_Work required_
Pictures aside, copy exactly each line from the one that holds "Blå mockasneakers från" through the last line of the records below.

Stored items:
━━━━━━━━━━━━━━━━

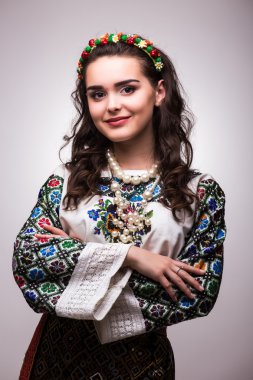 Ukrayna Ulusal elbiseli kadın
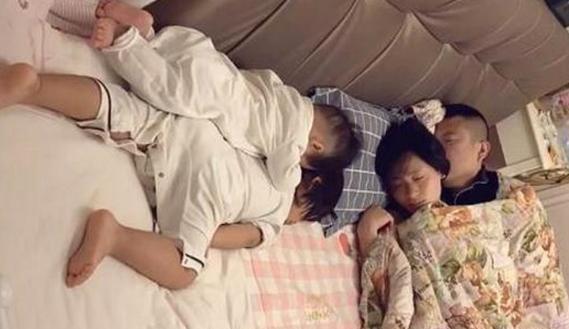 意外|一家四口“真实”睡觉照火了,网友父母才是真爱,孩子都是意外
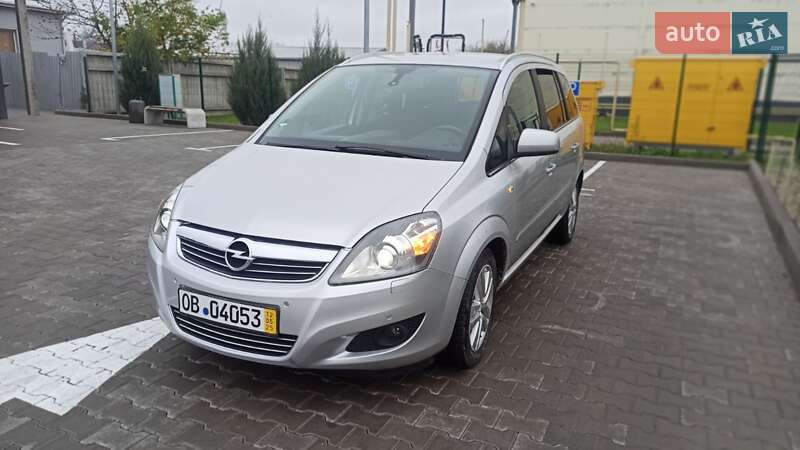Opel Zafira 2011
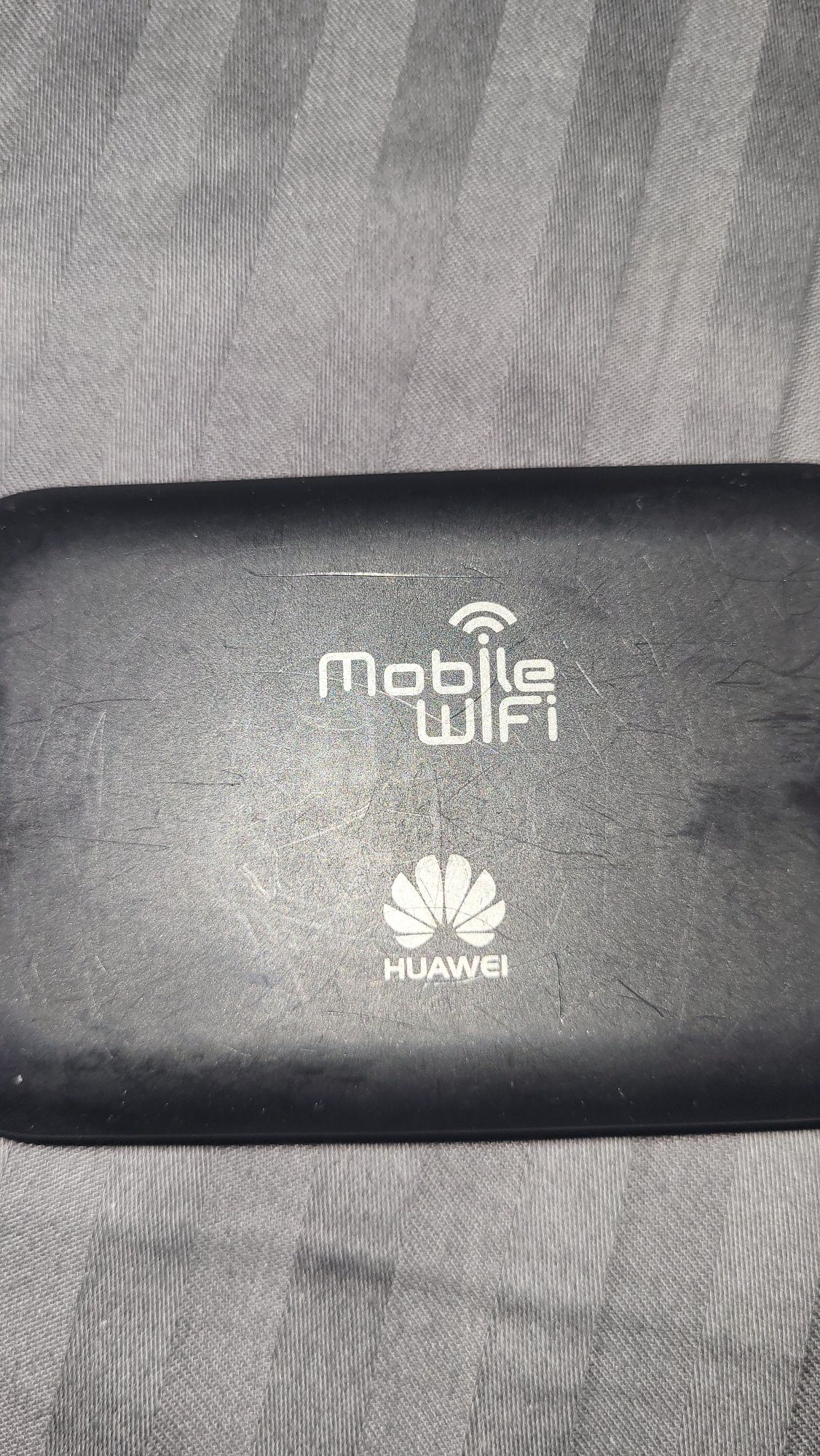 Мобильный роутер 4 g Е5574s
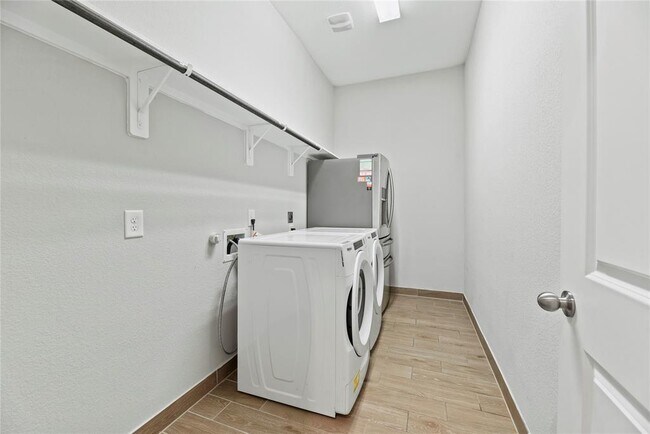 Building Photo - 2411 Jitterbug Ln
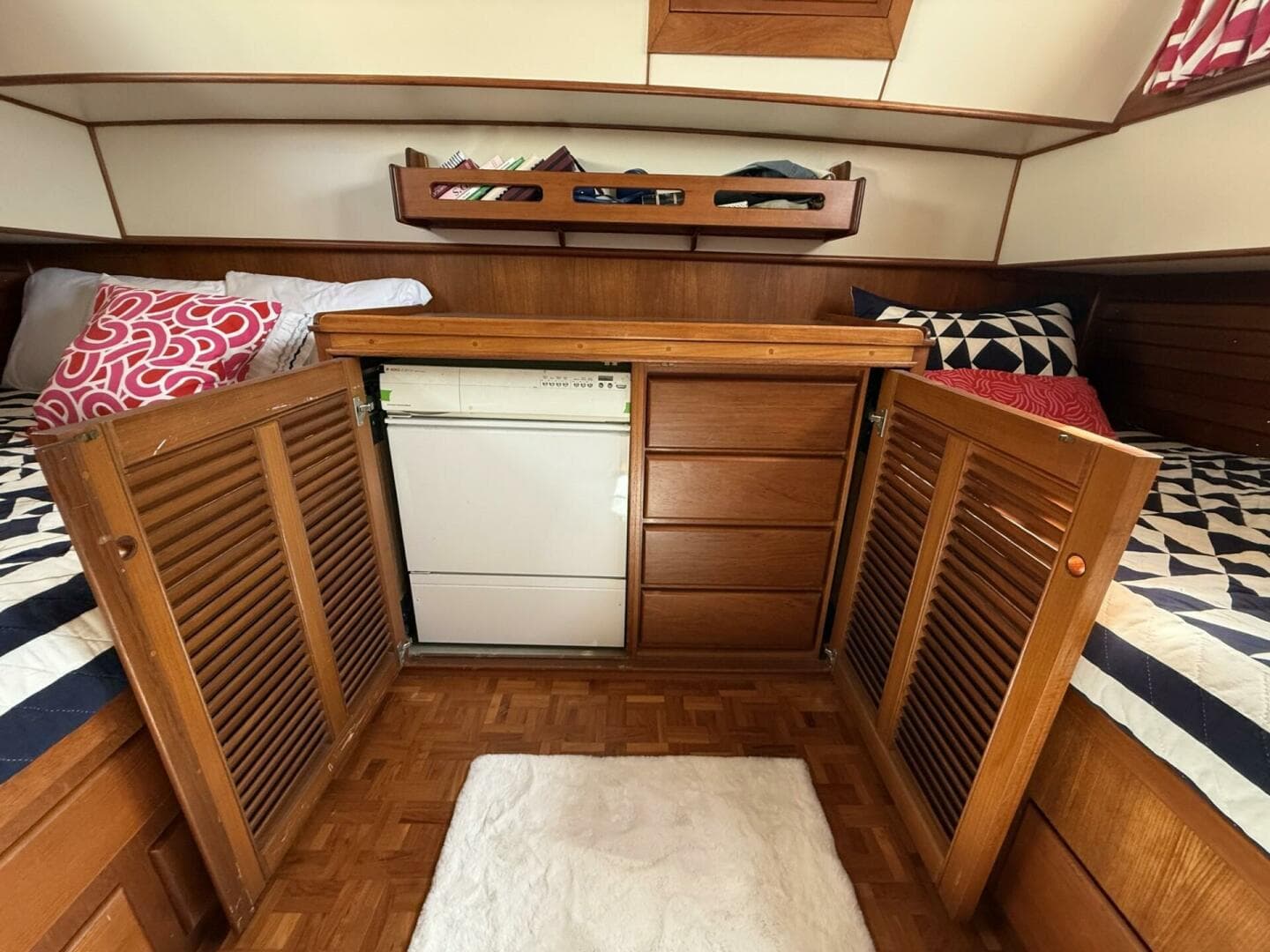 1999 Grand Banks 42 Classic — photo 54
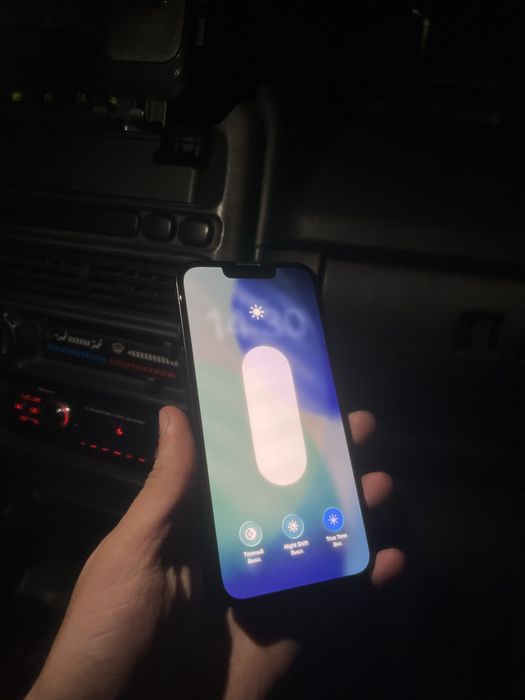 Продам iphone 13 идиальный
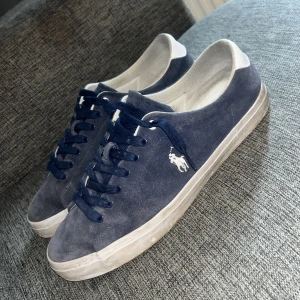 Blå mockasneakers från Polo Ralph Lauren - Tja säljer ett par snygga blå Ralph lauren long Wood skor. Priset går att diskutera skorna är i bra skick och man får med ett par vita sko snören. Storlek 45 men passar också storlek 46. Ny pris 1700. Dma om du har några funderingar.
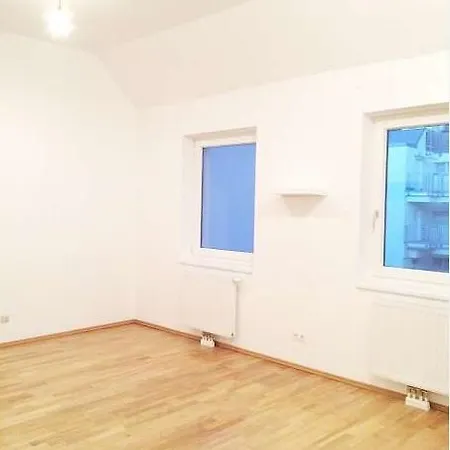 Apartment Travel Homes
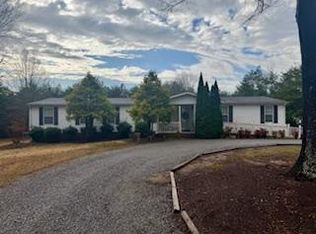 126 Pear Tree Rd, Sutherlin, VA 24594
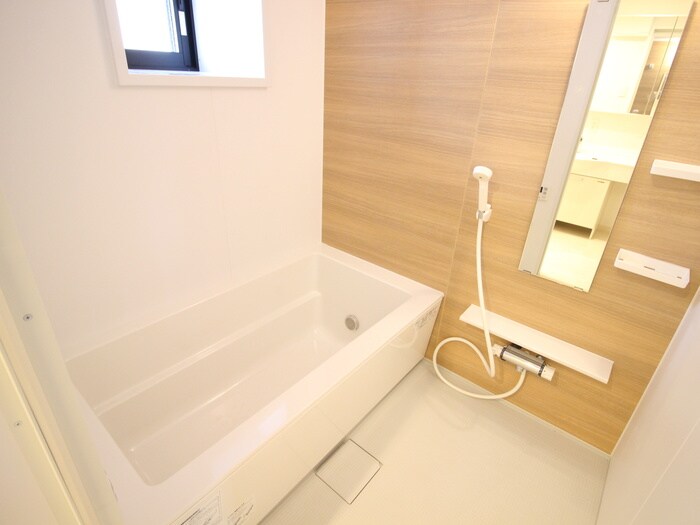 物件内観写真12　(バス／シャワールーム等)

━━━━━━━━━━━━━━━━

_Response to the task_
 Blå mockasneakers från Polo Ralph Lauren - Tja säljer ett par snygga blå Ralph lauren long Wood skor. Priset går att diskutera skorna är i bra skick och man får med ett par vita sko snören. Storlek 45 men passar också storlek 46. Ny pris 1700. Dma om du har några funderingar.
 Apartment Travel Homes
 126 Pear Tree Rd, Sutherlin, VA 24594
 物件内観写真12　(バス／シャワールーム等)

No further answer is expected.